Microsoft (MSFT) wants to change how and where you work. And to do that it's showing off a variety of new technologies that it believes will improve both productivity and collaboration at its annual Build Developers Conference in Seattle, Washington on May 6.
Yahoo Finance got a behind-the-scenes look at some of the most impressive tech the company is featuring at the big show, from augmented reality meetings to highly precise voice recognition software. And if Microsoft is successful, the future office will look nothing like your typical cubicle farm.
The new tech includes:
Augmented Reality meetings
Advanced digital voice assistants
Enhanced speech recognition technologies
Augmented reality meetings
In a (sort of) secretive office in one of the dozens of buildings on Microsoft's Redmond campus is a room called the "Batcave." A practice space for the company's Build demonstrations frequented by CEO Satya Nadella, the Batcave looks like a Radio Shack storage room after a bomb went off.
There’s a mock wall with two large colorful posters in the one corner of the room. It's here that the company Spatial, a third-party developer, is working on its augmented reality collaboration technology. Spatial is building its AR tech on top of Microsoft's Teams chat platform, so that users will be able to communicate in AR with ease.
I tried out an early demo of the software, and it offered a promising glimpse into the potential future of telecommuting. Users upload images of themselves to the program, which are then rendered as 3D avatars that everyone else using the app can see. As you move around with your AR headset or smartphone, your avatar moves around the virtual space.

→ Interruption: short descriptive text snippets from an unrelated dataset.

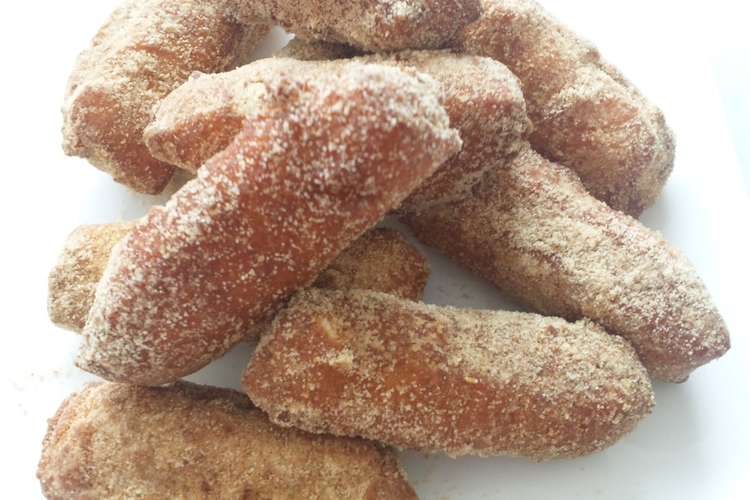 ホットケーキミックスでおからドーナツ レシピ 作り方 By イキル クックパッド 簡単おいしいみんなのレシピが349万品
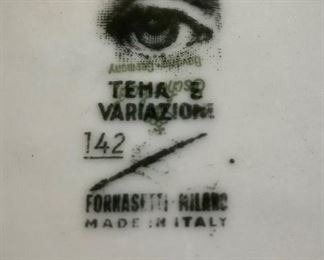 Fornasetti Moss Exclusive from the Themes and Variations Collection 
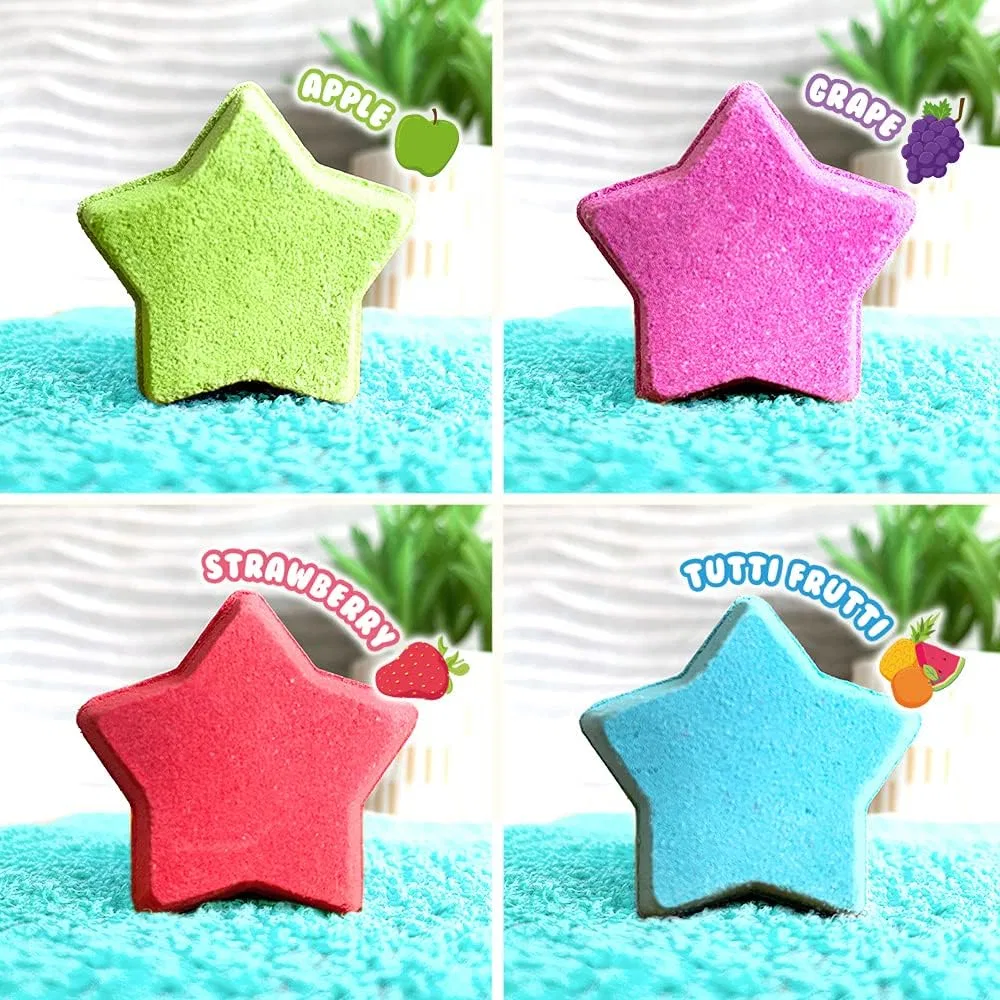 Набор из 20 бомбочек для ванны Simba Glibbi Blubber Stars Simba — фото 2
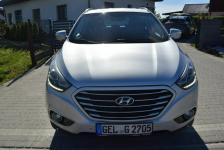 Hyundai ix35 1.7CDRI 2016r Navi Kamera Ledy Grzane Fotele Sprowadzony Tarnogród - zdjęcie 6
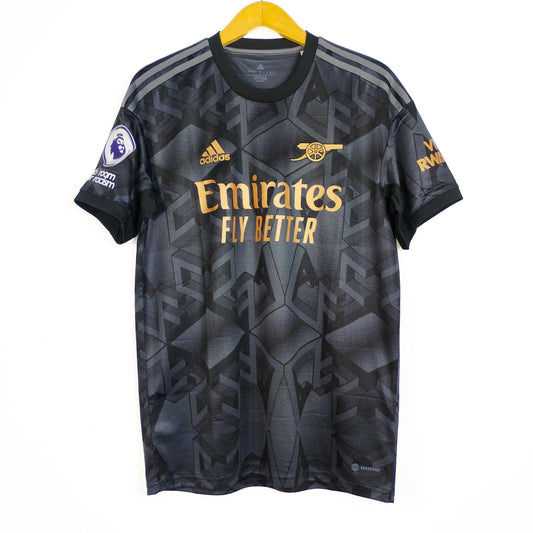 Original Arsenal 2022/23 Away - Saka #7 Size M
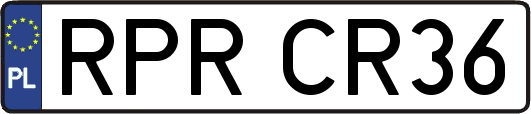 RPRCR36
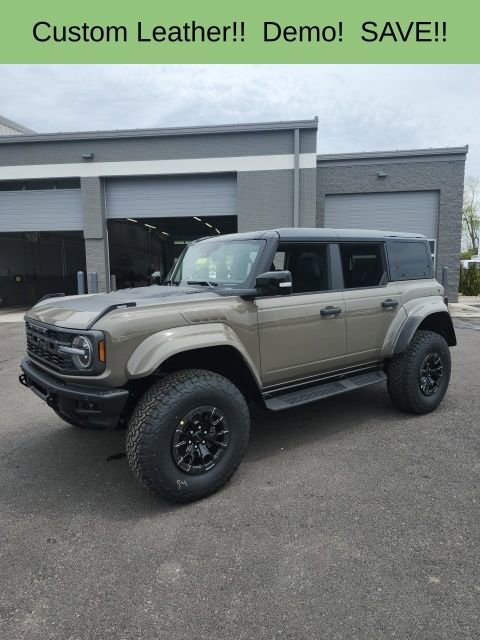 New 2025 Ford Bronco Raptor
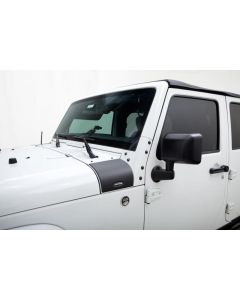 Bushwacker 07-18 Jeep Wrangler Trail Armor Cowl Cover - Black buy in USA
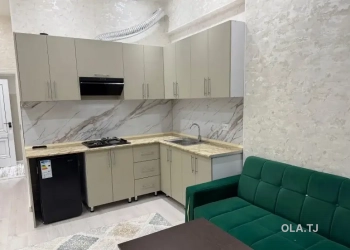 1 комнатная квартира, Цокольный этаж, 50 м²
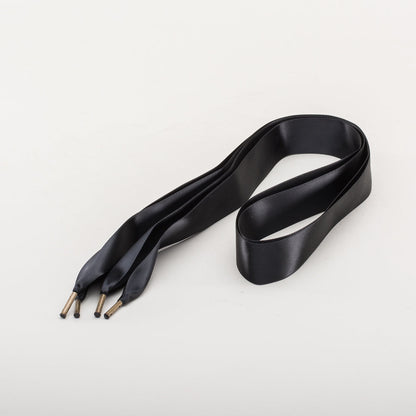 Satin Ribbon Shoe Laces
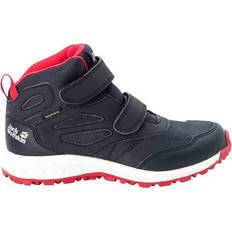 Jack Wolfskin Rosa Kinderschuhe Jack Wolfskin Outdoorschuhe WOODLAND dunkelblau Mädchen Kleinkinder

I tested out the software using Microsoft's Hololens, the company's AR headset, and an iPhone. While wearing the headset, I was able to check out files and images that other users were working on at the same time. The idea is to turn any available space into an AR version of your office, and takes bringing your work home with you to a whole other level.
Two other Spatial employees were using the app while I was, with one in a separate room and the other next to me. The only way for me to communicate with the employee in the other room was via her avatar, though the audio setup was working, so I couldn't hear what she was saying.
Still, her avatar floated around the room, interacting with AR models and notes, just as you might in real life. I say floated around the room, because the avatar doesn't have any feet. It's a waist up, rough version of each of your coworkers. It's like having your coworkers' ghosts in your home.
That sounds, well, a bit creepy, but it should make collaborating on projects easier since speaking with someone face-to-face is always better than, say, on a video chat or over the phone. It's not going to replace being in the same room as a real-life human being, but it's pretty close.
Semantic Machines' voice recognition technology
On another side of the Batcave, Semantic Machines showed off its virtual assistant technology. Microsoft acquired Semantic Machines in 2018 to create a voice assistant that you can speak to like a normal human.
We currently talk to virtual assistants in individual sentences with occasional add-ons. Needless to say, it makes for chatting with these pieces of software feel robotic and unnatural. But what Microsoft and Semantic Machines have put together is anything but.
In a video presentation, a woman uses the company's virtual assistant to do everything from check her calendar, change appointments around, find information on the web, and more within a single conversational thread. There was no recalling the assistant with an activation phrase — it simply listened for everything the woman asked and used context to provide her with the answers she was looking for.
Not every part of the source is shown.